- by Carol Standish
Women Sailors and Sailors’ Women (Random House, 286pp, $14.95) by David Cordingly is a broad and fast-paced survey of the exploits of women who went to sea in the Anglo marine world of the eighteenth and nineteenth centuries. The book also examines the lives of women who stayed on land but were involved with sailing men in a variety of capacities. Accounts are well researched but by no means dry. The author has chosen unusual as well as representative characters and organization of the book knits the various chapters together to resemble a sailor’s working life, beginning with the shore-side scene and winding up back on shore in a chapter titled The Sailors’ Return.
The rousing first chapter, Women on the Waterfront, examines the lives of women who survived as prostitutes for the ever fluctuating market of seamen who came ashore in the ports of London and New York. Some women sickened and died. Others, with stronger constitutions, or an entrepreneurial bent—or both—flourished. Most often they became property owners, running their own businesses, most common among which were taverns and “bawdy” houses. Still others escaped “the life” by becoming mistresses or wives of wealthy traders.
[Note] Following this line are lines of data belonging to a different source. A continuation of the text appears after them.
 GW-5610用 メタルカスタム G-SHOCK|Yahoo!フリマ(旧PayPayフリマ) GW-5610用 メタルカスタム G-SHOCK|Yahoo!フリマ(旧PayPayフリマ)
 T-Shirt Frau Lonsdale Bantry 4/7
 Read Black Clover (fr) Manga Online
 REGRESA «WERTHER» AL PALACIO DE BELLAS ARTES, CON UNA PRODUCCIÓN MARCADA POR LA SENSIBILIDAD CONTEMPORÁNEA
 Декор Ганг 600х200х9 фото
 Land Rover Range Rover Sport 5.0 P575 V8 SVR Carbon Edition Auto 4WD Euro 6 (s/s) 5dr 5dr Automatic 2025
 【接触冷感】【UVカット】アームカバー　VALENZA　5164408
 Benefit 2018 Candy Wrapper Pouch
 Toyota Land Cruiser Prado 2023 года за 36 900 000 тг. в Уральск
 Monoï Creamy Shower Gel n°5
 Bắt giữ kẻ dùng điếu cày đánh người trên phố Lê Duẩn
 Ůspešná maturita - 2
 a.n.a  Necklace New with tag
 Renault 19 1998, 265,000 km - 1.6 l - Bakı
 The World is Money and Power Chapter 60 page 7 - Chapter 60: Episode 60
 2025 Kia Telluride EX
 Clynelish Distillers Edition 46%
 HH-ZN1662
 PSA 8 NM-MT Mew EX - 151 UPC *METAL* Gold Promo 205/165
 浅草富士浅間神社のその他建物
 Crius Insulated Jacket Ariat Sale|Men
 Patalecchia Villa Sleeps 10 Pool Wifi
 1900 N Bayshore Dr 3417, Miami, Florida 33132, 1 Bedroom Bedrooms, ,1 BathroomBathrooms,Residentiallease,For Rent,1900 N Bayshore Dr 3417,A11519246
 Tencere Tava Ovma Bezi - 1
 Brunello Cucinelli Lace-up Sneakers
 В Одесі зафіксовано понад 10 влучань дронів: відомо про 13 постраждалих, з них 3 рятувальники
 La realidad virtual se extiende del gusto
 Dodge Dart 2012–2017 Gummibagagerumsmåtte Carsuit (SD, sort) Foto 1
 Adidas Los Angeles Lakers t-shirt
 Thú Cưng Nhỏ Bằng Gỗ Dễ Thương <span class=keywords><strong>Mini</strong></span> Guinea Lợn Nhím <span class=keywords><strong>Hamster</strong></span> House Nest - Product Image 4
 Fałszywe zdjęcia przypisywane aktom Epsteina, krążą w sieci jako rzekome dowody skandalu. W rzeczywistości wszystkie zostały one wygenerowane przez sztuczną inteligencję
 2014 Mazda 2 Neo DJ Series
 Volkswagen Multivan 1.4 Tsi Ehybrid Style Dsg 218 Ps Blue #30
Cordingly also documents a little publicized practice—toward which authorities of the time turned a blind eye. Boatloads of women were often rowed out to anchored ships for officers and crew to enjoy on board. Such an occasion made for a very lively scene. One seaman who had served on naval and merchant ships of both countries reported, “[T]he sins of this ship was equal to the sins of Sodom, especially on the day we was paid, for we had thirteen women more than the number of our ship’s company, and not fifty of them married women.”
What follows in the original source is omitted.